A developer's plan to build a strip retail center on Route 73 that was denied by the Voorhees Planning Board has been approved by a state Superior Court judge.
Dean Development Associates LLC sued and won the approval from Superior Court Judge Deborah Silverman Katz to proceed with building the nine stores on 2.6 acres at the Signal Hill Drive intersection.
"This now constitutes the local approval," lawyer Robert S. Baranowski Jr., of the Hyland Levin Shapiro law firm in Burlington County, told 70and73.com on Thursday. Baranowski, representing the developer, said the retail project is a permitted use under zoning law.
Planning Board members voted 4-4 on the application in September 2020. Because a majority is needed, the board's vote constituted a denial.
Members heard public testimony against the project from several residents of the neighboring Sturbridge Lakes development. They said they were concerned that the shopping center's driveway onto Signal Hill Drive is near the driveway for the Signal Hill School, which is across the street.
"The intersection...is horrible at best," Greg Offt, who lives on Fox Hollow Road, told the board at the September 2020 meeting. As residential developments grew around Sturbridge Lakes, the traffic congestion worsened, he testified, noting he isn't against Route 73 commercial development but opposes the exit and entrance on Signal Hill Drive.
Several neighbors said the developer was trying to squeeze a building too large onto a relatively small lot — thus the need for special permission from the board.

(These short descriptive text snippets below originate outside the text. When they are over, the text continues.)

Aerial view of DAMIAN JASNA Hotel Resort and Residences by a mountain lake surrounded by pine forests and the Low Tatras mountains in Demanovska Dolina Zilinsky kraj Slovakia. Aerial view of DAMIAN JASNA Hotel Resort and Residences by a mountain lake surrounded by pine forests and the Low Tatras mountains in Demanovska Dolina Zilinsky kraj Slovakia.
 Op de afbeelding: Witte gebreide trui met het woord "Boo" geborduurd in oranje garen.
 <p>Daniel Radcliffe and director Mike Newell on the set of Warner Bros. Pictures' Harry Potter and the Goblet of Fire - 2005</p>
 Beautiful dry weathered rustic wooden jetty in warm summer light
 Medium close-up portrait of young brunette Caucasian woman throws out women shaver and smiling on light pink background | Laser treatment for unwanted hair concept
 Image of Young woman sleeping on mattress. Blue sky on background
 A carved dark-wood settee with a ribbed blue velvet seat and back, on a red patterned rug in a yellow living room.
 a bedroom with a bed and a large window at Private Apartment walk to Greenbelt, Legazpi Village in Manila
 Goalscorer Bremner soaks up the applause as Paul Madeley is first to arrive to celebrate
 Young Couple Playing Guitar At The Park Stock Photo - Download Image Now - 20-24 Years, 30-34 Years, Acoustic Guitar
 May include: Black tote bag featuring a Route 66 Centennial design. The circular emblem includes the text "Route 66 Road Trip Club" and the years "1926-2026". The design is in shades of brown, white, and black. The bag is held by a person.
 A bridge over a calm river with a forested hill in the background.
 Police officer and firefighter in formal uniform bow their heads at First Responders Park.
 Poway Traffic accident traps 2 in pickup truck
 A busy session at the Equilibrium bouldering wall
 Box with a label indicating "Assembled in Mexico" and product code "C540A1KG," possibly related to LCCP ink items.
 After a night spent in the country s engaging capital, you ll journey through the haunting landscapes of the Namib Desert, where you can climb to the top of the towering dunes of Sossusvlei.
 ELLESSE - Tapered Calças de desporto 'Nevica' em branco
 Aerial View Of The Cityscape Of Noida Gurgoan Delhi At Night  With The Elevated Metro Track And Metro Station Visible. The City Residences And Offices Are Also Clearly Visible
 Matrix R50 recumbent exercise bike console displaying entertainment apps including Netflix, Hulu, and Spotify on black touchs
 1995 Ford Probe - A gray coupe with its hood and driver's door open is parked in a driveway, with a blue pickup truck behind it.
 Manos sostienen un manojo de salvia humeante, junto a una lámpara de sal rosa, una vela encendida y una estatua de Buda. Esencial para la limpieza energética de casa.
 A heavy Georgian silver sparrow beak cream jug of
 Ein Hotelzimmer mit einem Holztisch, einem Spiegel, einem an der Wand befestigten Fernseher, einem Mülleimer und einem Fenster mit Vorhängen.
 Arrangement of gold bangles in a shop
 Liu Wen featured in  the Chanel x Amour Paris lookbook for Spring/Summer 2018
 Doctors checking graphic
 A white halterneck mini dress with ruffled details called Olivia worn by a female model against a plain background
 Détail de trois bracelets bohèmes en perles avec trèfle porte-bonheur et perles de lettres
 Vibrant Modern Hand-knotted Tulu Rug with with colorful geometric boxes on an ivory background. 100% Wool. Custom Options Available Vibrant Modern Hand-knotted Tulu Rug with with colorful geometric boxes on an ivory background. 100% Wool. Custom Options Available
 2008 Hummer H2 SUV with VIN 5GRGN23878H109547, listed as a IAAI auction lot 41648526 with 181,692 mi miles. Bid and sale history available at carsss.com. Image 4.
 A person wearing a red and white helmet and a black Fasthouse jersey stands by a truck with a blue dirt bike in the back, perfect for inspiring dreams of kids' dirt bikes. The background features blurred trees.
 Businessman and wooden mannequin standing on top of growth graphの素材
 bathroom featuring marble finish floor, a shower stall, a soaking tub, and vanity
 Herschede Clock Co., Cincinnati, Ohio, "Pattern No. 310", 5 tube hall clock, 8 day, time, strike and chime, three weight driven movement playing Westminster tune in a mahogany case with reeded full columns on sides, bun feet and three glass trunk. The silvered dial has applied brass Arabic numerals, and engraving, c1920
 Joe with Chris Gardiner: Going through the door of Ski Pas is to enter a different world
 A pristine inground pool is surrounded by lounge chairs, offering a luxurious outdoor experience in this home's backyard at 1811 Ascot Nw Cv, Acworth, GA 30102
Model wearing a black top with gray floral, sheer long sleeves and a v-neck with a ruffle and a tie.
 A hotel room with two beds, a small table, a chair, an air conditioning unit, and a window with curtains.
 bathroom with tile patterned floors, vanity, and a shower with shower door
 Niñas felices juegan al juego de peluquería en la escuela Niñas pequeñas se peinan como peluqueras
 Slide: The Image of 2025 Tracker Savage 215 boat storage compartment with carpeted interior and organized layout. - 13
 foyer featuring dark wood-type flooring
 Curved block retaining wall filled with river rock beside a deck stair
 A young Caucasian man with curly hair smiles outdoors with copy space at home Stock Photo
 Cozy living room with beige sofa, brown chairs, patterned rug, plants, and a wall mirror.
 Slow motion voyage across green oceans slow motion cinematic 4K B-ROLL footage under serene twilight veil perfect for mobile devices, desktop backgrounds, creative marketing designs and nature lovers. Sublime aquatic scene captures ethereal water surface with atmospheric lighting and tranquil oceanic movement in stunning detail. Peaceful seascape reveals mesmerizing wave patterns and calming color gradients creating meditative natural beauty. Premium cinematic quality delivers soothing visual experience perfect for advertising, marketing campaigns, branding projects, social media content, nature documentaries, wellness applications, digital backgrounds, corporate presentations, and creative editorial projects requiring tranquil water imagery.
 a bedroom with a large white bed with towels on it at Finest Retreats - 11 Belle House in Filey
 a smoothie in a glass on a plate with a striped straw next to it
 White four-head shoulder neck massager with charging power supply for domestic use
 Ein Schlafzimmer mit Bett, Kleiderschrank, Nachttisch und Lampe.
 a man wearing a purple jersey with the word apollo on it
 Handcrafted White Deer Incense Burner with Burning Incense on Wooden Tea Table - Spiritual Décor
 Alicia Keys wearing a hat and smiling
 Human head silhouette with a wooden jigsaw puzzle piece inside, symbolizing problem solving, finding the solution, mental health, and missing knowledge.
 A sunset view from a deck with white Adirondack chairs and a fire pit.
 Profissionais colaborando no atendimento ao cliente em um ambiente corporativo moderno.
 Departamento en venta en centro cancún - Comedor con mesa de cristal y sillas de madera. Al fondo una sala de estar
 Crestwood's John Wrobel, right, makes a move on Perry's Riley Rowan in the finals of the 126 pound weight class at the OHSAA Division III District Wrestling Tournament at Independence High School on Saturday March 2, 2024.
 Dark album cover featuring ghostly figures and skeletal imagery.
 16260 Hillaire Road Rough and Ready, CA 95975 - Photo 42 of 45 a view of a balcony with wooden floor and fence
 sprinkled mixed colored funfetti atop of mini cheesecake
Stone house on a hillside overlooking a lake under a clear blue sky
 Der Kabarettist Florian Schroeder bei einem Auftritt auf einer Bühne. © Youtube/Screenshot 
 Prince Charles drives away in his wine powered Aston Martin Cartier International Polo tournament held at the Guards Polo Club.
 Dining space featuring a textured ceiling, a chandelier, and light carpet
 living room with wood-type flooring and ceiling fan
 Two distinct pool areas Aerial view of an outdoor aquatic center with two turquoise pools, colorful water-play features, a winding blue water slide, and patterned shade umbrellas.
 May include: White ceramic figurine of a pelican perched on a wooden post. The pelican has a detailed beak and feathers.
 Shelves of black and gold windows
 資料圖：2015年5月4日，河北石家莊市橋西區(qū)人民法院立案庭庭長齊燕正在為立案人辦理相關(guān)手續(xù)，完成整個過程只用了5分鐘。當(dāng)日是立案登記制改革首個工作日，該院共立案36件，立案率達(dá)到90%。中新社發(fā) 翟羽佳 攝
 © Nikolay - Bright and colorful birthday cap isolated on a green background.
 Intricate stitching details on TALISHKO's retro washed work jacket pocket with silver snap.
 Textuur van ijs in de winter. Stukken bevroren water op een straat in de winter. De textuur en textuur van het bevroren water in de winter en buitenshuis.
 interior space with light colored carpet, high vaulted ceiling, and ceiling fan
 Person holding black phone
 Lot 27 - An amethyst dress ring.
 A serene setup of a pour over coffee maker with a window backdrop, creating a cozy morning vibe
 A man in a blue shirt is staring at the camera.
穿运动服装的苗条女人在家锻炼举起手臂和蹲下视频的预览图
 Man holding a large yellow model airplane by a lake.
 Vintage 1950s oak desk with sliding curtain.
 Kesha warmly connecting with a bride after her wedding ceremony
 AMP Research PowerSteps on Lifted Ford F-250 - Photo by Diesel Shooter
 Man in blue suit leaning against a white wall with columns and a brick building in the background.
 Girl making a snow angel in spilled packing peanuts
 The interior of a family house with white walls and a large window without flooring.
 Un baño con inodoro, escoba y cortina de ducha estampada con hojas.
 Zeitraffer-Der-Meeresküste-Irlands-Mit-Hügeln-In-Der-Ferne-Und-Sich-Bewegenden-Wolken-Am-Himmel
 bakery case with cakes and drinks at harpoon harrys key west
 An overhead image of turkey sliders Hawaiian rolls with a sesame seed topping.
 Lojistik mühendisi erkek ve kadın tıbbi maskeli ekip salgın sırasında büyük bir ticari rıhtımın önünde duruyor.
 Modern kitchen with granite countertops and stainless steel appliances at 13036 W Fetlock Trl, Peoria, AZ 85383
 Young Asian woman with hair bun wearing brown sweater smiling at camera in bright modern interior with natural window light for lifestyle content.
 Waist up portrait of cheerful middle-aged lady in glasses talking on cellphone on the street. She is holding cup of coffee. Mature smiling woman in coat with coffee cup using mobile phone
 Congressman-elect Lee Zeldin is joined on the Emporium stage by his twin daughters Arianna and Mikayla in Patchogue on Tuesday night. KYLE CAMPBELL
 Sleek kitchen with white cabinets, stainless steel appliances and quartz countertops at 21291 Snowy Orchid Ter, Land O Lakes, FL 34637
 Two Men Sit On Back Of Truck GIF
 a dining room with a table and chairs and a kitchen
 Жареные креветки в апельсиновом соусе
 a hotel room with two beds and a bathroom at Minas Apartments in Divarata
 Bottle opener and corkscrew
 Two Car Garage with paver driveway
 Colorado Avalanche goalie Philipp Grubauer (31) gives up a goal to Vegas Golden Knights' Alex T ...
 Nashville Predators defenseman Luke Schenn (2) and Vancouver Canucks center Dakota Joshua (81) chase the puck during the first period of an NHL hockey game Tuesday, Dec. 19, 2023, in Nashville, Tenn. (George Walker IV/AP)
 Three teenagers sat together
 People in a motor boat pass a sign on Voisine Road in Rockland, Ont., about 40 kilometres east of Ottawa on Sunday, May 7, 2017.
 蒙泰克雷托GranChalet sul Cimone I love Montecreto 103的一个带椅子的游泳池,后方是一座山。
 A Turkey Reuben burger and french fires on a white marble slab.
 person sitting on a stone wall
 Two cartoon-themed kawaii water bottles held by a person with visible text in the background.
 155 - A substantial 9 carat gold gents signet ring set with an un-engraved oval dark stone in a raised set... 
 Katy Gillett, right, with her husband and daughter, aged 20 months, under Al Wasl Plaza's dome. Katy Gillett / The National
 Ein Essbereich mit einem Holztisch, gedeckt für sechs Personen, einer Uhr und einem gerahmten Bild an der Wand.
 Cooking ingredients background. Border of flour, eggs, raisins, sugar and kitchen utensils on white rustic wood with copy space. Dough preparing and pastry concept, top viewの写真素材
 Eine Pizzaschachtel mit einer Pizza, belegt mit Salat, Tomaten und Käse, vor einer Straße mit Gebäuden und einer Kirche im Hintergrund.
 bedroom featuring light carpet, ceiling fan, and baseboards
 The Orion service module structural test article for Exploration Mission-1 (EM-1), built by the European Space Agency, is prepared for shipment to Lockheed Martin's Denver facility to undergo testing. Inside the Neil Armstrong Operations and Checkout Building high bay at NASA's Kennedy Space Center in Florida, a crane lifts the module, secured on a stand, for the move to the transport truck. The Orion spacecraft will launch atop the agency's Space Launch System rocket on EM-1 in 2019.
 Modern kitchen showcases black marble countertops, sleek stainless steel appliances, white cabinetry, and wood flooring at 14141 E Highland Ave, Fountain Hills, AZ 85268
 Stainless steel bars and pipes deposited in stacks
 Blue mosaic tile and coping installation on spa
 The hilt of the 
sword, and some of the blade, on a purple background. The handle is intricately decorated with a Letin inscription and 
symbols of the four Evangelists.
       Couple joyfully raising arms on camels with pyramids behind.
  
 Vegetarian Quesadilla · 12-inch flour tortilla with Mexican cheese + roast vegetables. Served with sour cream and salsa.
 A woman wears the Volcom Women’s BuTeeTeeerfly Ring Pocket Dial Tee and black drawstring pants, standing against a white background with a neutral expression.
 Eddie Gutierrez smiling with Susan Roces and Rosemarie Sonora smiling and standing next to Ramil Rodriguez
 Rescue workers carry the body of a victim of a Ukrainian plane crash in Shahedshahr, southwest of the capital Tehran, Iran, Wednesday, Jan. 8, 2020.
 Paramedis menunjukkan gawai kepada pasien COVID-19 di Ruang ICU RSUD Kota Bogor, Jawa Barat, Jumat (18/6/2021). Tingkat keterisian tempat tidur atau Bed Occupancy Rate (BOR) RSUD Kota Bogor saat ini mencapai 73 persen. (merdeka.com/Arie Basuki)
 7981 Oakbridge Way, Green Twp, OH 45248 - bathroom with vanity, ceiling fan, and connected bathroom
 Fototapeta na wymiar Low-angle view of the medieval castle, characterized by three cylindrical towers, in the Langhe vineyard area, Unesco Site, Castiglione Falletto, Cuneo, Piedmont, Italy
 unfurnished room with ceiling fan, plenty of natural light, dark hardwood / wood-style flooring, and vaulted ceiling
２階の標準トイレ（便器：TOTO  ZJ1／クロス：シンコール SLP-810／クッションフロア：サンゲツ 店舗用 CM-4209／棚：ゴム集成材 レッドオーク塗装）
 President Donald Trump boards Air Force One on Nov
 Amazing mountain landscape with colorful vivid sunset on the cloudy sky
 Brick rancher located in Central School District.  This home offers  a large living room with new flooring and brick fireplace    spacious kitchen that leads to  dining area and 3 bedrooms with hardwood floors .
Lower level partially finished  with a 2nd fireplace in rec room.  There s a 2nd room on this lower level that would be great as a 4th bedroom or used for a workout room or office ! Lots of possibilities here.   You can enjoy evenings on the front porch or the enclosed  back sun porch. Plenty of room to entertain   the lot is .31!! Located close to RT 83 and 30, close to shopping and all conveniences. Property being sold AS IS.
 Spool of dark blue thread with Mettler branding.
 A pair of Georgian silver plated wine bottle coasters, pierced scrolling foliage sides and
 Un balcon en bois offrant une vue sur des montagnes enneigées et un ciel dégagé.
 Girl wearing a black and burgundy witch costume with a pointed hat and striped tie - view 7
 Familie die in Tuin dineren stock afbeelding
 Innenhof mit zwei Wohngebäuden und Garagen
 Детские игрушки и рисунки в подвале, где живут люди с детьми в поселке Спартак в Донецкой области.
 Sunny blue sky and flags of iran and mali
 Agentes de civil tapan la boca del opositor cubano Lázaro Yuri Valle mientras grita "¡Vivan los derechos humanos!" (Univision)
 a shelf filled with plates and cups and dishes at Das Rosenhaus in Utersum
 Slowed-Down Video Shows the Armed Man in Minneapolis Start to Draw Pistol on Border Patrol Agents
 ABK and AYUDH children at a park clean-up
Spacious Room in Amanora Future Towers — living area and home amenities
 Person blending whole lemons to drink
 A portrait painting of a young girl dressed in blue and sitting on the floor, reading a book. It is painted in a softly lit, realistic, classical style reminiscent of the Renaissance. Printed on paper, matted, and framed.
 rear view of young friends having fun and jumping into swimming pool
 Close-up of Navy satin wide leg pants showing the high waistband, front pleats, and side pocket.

"No evidence was presented on the record to demonstrate that any condition of unsafe ingress/egress would exist at the full movement secondary access drive on Signal Hill Road," Katz stated in her order on August 25. "The requested bulk variances and design waivers are completely unrelated to the traffic concerns."
Katz stated the application denial "was improperly based upon concerns with existing off-site traffic on Signal Hill Road for a permitted use" in the Major Business Zone.
Several conditions that Dean Development had agreed to were included in the judge's decision, including installing an eight-foot fence, scheduling lights to be turned off after hours to prevent spillover into the residential area and restricting the shops' delivery times. Because of drop-off and pick-up times at the elementary school, the developer agreed to forbid deliveries from 8:30 to 9:30 a.m. and 3 to 4 p.m. A 50-foot buffer in the center's rear yard also is required.
Baranowski on Thursday said Dean Development, which is based in Scotch Plains, Union County, has no committed tenants, but the intention is to lease to neighborhood-type businesses such as nail salons or dry cleaners.